■ Activity
Copy nothing but the lines below running from the line containing "2024年8月16日，在莫" through the line containing "SMC Stopper Cylinder", both end lines included.

■ Available records
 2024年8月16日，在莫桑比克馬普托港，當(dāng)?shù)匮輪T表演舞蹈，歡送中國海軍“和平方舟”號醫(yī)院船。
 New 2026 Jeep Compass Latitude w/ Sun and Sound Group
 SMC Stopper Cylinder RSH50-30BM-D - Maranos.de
==
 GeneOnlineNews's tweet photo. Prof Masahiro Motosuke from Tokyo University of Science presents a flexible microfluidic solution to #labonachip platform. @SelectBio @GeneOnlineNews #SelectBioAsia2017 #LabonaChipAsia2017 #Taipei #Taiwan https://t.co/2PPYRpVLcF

■ Solution for this exercise
 2024年8月16日，在莫桑比克馬普托港，當(dāng)?shù)匮輪T表演舞蹈，歡送中國海軍“和平方舟”號醫(yī)院船。
 New 2026 Jeep Compass Latitude w/ Sun and Sound Group
 SMC Stopper Cylinder RSH50-30BM-D - Maranos.de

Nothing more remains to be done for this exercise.